Definitely not entirely unique.

RBD coconut oil can be processed further into partially or fully hydrogenated oil to increase its melting point. Since virgin and RBD coconut oils melt at 24 °C (75 °F), foods containing coconut oil tend to melt in warm climates. A higher melting point is desirable in these warm climates, so the oil is hydrogenated. The melting point of hydrogenated coconut oil is 36–40 °C (97–104 °F).

https://en.wikipedia.org/wiki/Coconut_oil#Manufacturing

[–] Barley_Man@sopuli.xyz 1 points 3 days ago

There is not a pig breed out there that is all lard. However there is a huge difference between pig breeds regarding the procentage. Back in the day when palmoil was not available and lard was used the pigs we had were much fatter and fed a diet higher in cereal grains and lower in soy. When lard went out of fashion there was suddenly a huge oversupply of the stuff and we shifted their diets but more importantly shifted breeding efforts to ever leaner pigs.

This makes it harder to say exactly what environmental impact lard would have if we shifted back to using it as one of our main solid fats.

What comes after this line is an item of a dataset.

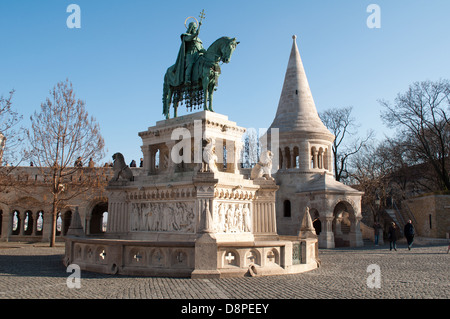 Bronzestatue von Stephan i. von Ungarn an der Fishermans Bastion, Budapest. Stockfoto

I would argue that lard right now could be seen as a byproduct. In my country a lot of the lard is currently used as a feedstock for biodiesel which, when you think about it, is absolutely insane considering we at the same time import copious amounts of palm oil. You could even see it as us currently making biodiesel from palmoil by proxy. Which is not ideal.

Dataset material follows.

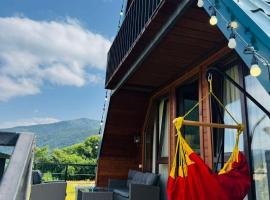 Mountain Shadow Cottage in Racha, hótel í Ghebi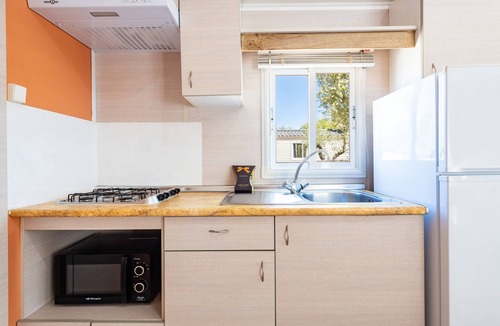 Tirig RV Rental | Mobile Home '241' with Mountain View, Wi-Fi and Air Conditioning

But let's say we could make the shift back to lard. We would get slightly less biodiesel but at the same time we could shift to a cereal grain heavy diet for the pigs and go back to those old breeds. Soy yields far less than say corn yields. Fatty pigs could therefore be less land demanding than lean pigs are to raise. I can't exactly say if the demand for land would go up or down in the final equation but theoretically we could end up actually needing less land when also taking account the less land we would need for palm oil. But the main obstacle here is that people simply don't want to eat lard anymore. It's "icky" for the modern consumer. Which is ironic as we still consume it in sausages as one of the largest ingredients, but the consumers won't accept it in baking products anymore.

In the end lard is just the carb in cereal grain converted to fat via a pig. And cereal grains are plentiful and very high yielding. Is using corn to produce fatter pigs, pigs that we would still raise anyway for the meat, really be worse than using the same corn for bio ethanol? It's worth a thought. I would be very interested in seeing a full life cycle analysis of the land use and environmental impact such a shift would lead to.

[–] Buffalox@lemmy.world -2 points 3 days ago

Excellent point, compared to lard it's probably more like 30 times more efficient in the amount of farmland needed.
The problem is not palm oil, the real problem is that the global population has increased from 5 to 8 billion in 50 years. Without palm oil, deforestation would probably have been worse.